Exploring the Nature of Prayer: Insights from Fr. James Guirguis

Exploring the Nature of Prayer: Insights from Fr. James Guirguis

    

The Reading from the Holy Gospel according to St. Luke. (18:10-14)

What is the heart of prayer? What is it’s purpose? What is it’s goal? Do we pray in order to “look religious or spiritual?” Do we pray because that’s just what we are supposed to do? Do we pray because we feel that somehow it is our duty or obligation to do so? Or perhaps we have even less noble intentions. We see two different sides of prayer in today’s gospel reading. This parable of the publican and the Pharisee, told by Our Lord Jesus Christ, effectively puts everyone who prays into one of two camps, on one of two sides. Those who pray rightly and those whose prayer is all wrong.

There are some differences between the two and they are important enough that Our Lord Jesus Christ found it necessary to teach us, His children, so that we would be like one of these two men and not like the other. Our Lord taught all of this in the most loaded and controversial way possible, so that everyone would get the message and no one was left unaffected or in the dark.

He says, “Two men went up into the temple to pray, one a Pharisee and the other a tax collector.” Thank God! It is a good thing that these men went to the temple to pray. It is a good thing when a man or woman comes to the church to pray. Yet, this isn’t enough. The Lord gives us insight into the prayers of each man. He dissects the human heart in a way that is not seen anywhere at any time in any other religious tradition. He tells us that the Pharisee, a religious man who is publicly seen as pious and holy and good prayed in this way, ‘God, I thank Thee that I am not like other men, extortionists, unjust, adulterers, or even like this tax collector. I fast twice a week; I give tithes of all that I get.’

And then Our Lord tells us of the prayer of the publican. We are reminded that the publicans or tax collectors were viewed with suspicion and generally they were very disliked. They were considered evil and unjust men because they cooperated with the Romans in taxing their own people, the Jews. Many of them also took far more than their fair share because they had the power to do so. If an IRS agent wants to come and take everything you own, you will be nearly powerless to fight back, because they have the power and the resources of the empire at their disposal, and you have nothing. So this was how the publican was seen. But listen to his prayer my friends, “the tax collector, standing far off, would not even lift up his eyes to Heaven, but beat his breast, saying, ‘God, be merciful to me a sinner!’” Wow!
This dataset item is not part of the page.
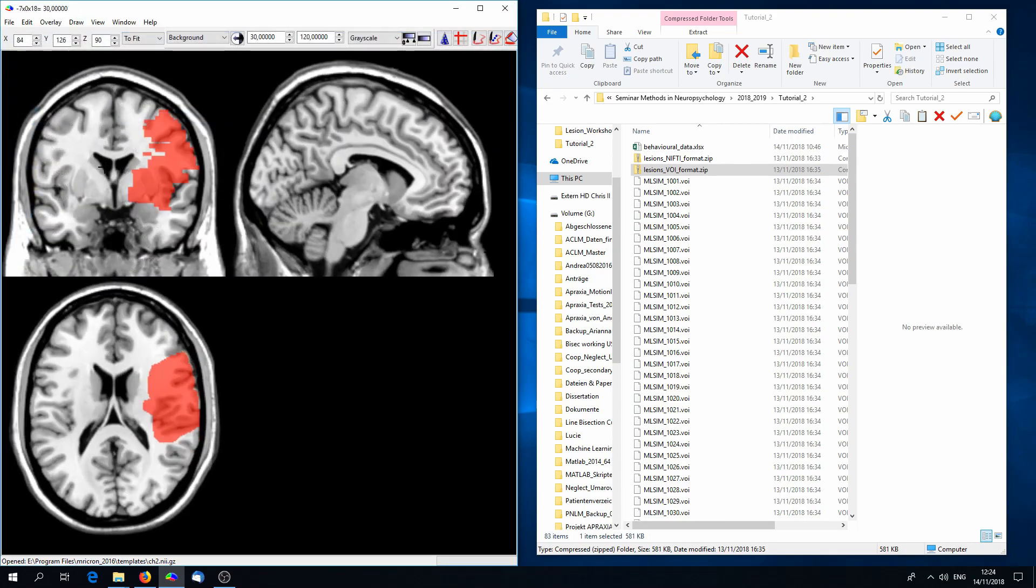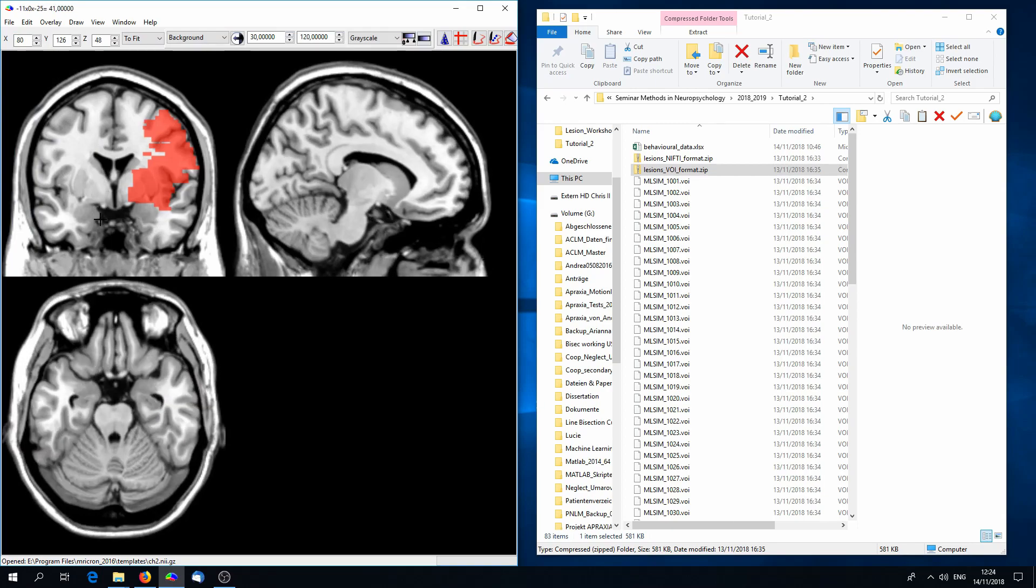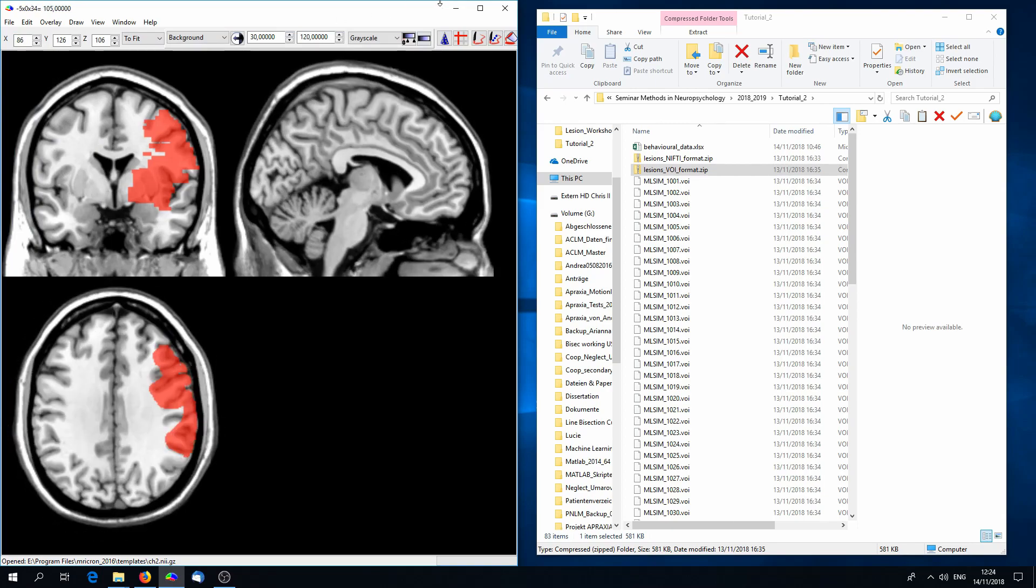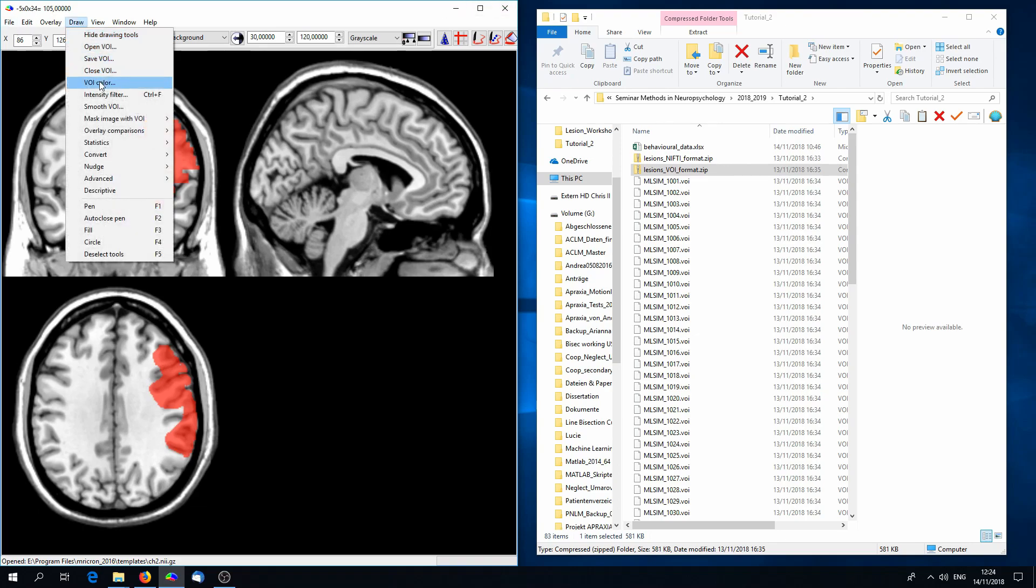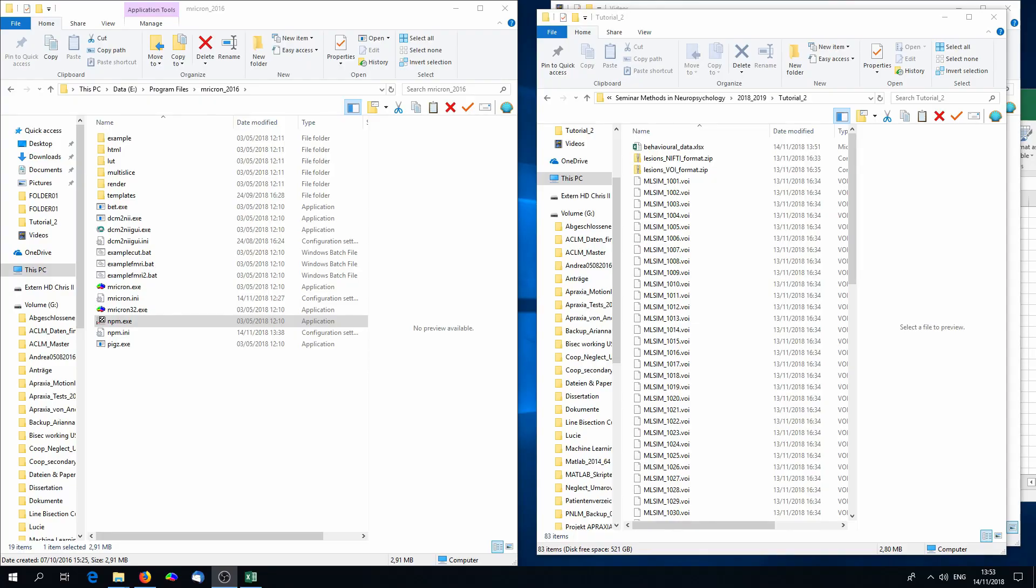The important thing is these images have been normalized to standard space, here MNI space, and they are binary, so either a voxel is red or not red, lesion or not lesion. This is what we need for the lesion analysis.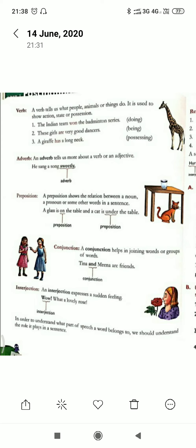Second is adverb. Adverb means words which tell us more about a verb. It is formed from 'add' plus 'verb' — words which are used to add something to the verb. For example, 'He sang the song sweetly' — here 'sweetly' is the adverb. Another example: 'He ran very fast' — here 'fast' is the adverb.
When I read this verse, I have to step back and ask if I have ever prayed like this for a single moment in my whole life. Each of us should probably be asking that question. Have we ever felt truly broken in our prayers? Have we ever scraped the depths of our heart and found ourselves so fallen, and so powerless that we didn’t even have any substantial words to give to the Lord, we didn’t even have the power to lift our eyes to the heavens. As if we felt the weight of our sins and felt like we were standing completely naked and exposed before God. That is a feeling of true vulnerability, and true weakness. And it turns out that this is exactly the mindset and the condition of the heart that will provoke a response from our God. “A broken and humble heart, God will not despise.”

The publican’s prayer is like medicine for us. It should humble us and serve as a powerful example of what our prayers can be. Prayer is good when it looks and sounds like this. However the Pharisee’s prayer was outward focused. He was concerned with his outward acts of piety and he was even focused on the failing of others and compared himself to others and made himself feel really good by comparing himself to others. But he was in delusion. He focused on the outward appearance of others and couldn’t see their heart. So his prayer was not counted in his favor. It was the opposite of true prayer, it was counted against him because he turned it into a weapon against others and as an opportunity to boast of all of his good qualities. He came to the house of the Lord, a place where we meet God in a powerful way, but he wasted this chance and turned what should have been something really good, into something really evil. He squandered the gift of prayer and the gift of the temple.

On the other side of this equation we see a man who did nothing short of unlock the kingdom of heaven! He captured God’s heart! He stole God’s attention. He made himself like a beggar and God rewarded him richly. This example of the publican reminds us of what it really takes not only to become holy but to bring healing to the world around us. Because he unlocked the kingdom, he was healed. When we learn to truly pray, everything is restored in life.

Our Orthodox Christian understanding is not so much that we need to go out and take part in protests and parades to effect change, no! Likewise, posting self righteous posts online and even too much political talk within the parish, none of these things will really glorify God or change the world. The change that will affect the whole world is right here (in the heart). We don’t transform the world through the waving of banners, but through the changing of the banner of our hearts. For this reason St. Seraphim of Sarov said “acquire a spirit of peace and thousands around you will be saved.”

What a gift that Our Lord Jesus has given to each of us in this parable. Let us embrace this parable and the prayer found in it. For this is the roadmap to the heart of Christ, and only within the heart of the Lord Jesus Christ is our hope and salvation to be found. Glory be to God forever AMEN.